▶ Data for analysis
>>>>

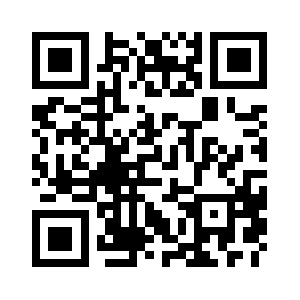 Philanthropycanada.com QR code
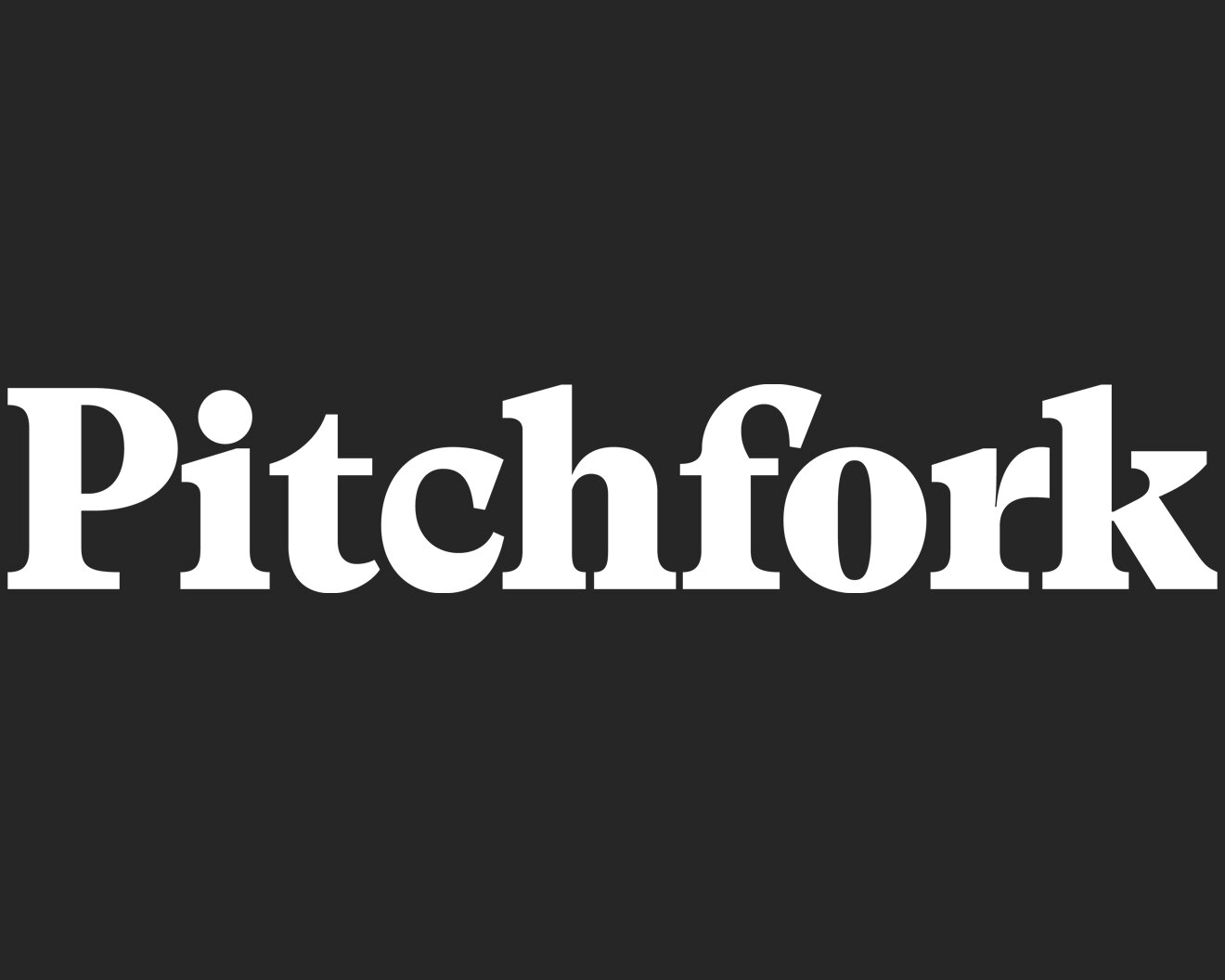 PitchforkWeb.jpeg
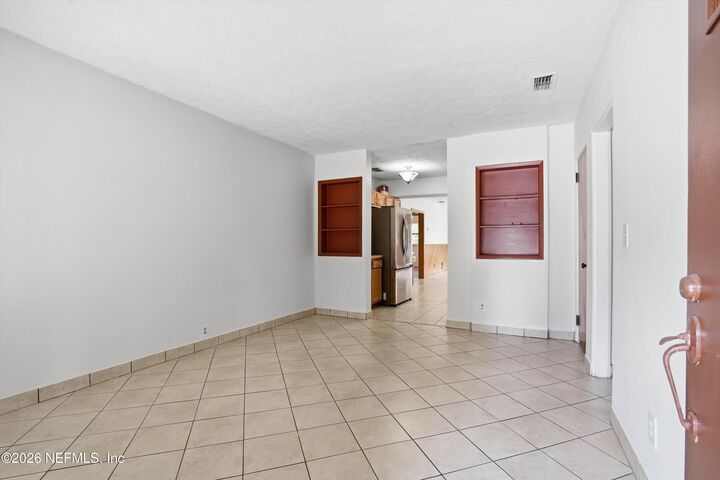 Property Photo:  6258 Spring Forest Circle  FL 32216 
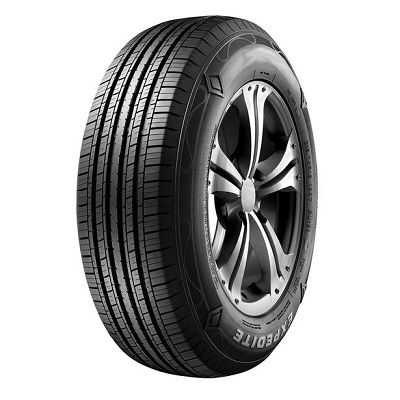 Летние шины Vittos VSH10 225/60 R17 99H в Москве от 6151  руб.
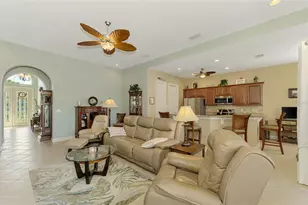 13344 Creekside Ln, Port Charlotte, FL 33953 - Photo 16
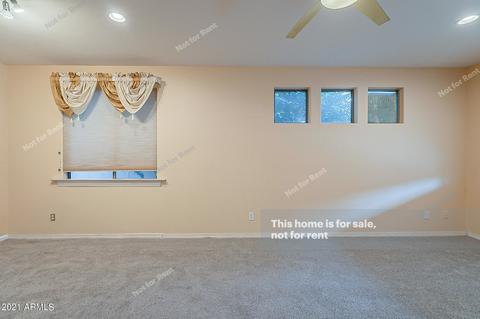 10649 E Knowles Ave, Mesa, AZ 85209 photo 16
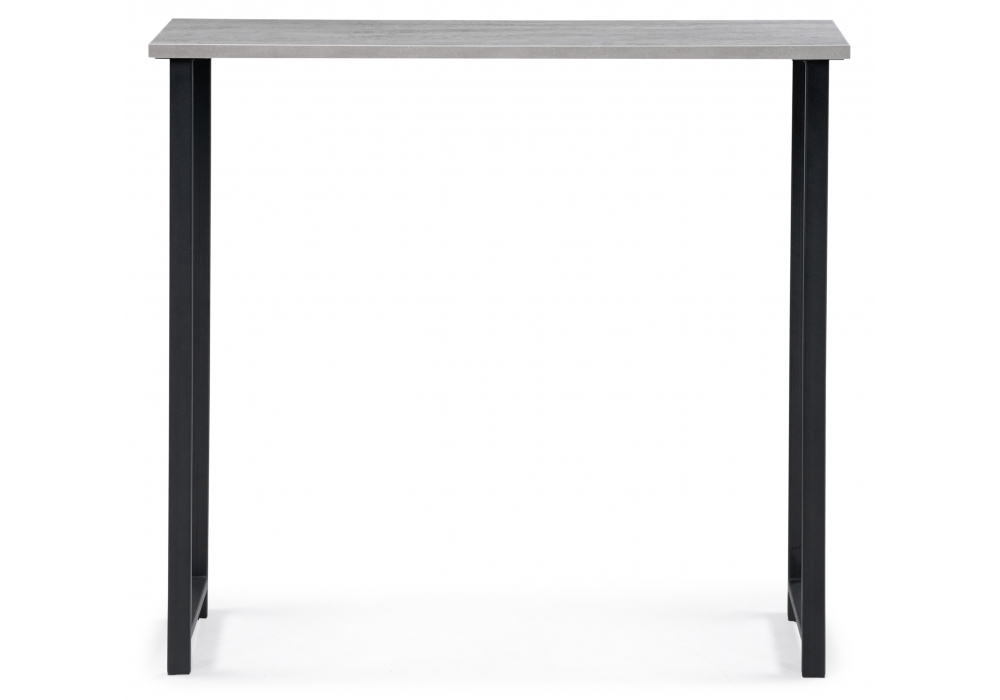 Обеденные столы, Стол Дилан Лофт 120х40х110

<<<<
>>>>

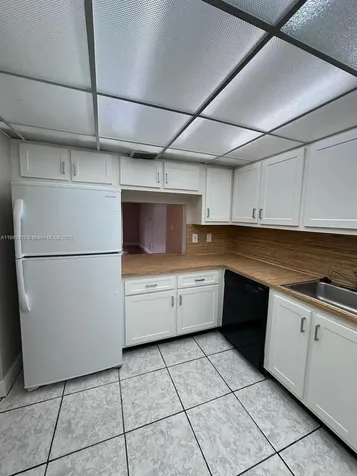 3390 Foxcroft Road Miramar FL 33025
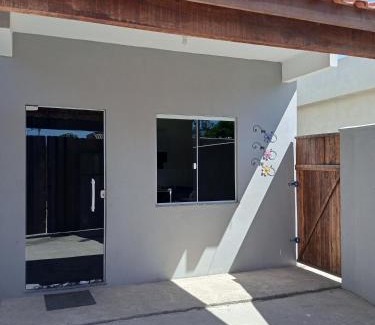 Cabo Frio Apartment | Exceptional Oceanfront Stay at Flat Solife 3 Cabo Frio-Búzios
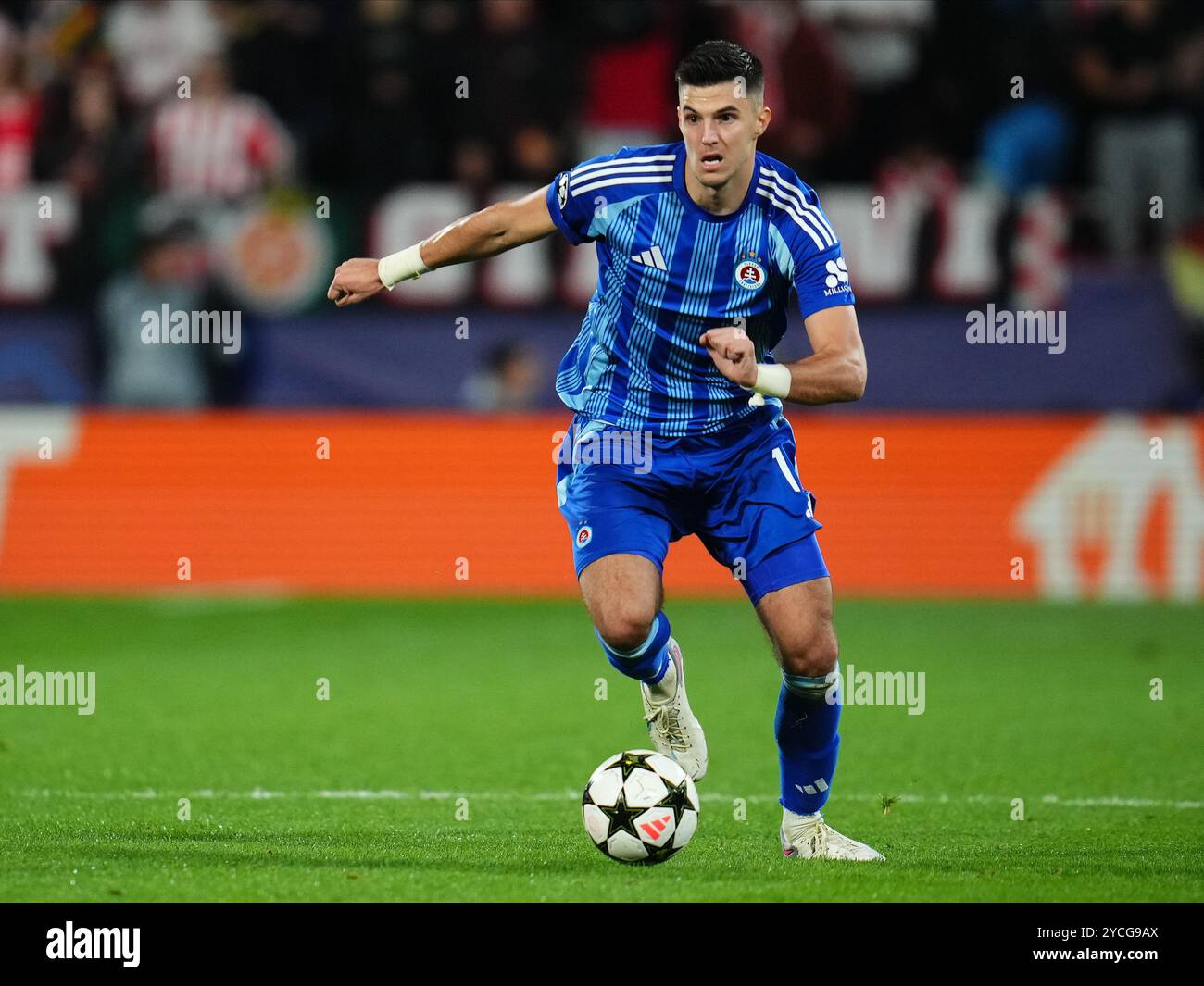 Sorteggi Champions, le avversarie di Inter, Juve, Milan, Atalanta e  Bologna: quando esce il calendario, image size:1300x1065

<<<<
>>>>

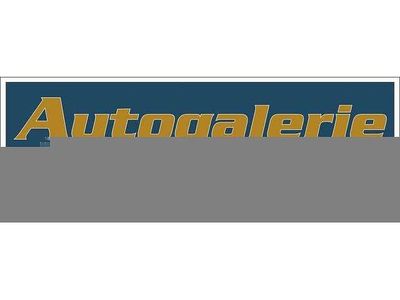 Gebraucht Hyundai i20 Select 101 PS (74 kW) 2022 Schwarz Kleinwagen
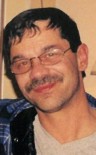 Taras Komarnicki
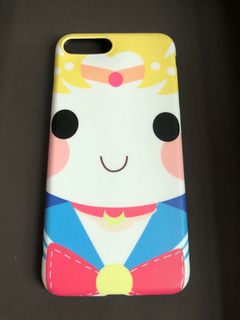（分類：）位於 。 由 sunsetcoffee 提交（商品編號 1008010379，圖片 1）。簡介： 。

<<<<

Please repeat the lines of the material above exactly, starting with the line that contains "Taras Komarnicki" and ending with the line that contains "1008010379，圖片 1）。簡介： 。". Leave the pictures out.

 Taras Komarnicki
（分類：）位於 。 由 sunsetcoffee 提交（商品編號 1008010379，圖片 1）。簡介： 。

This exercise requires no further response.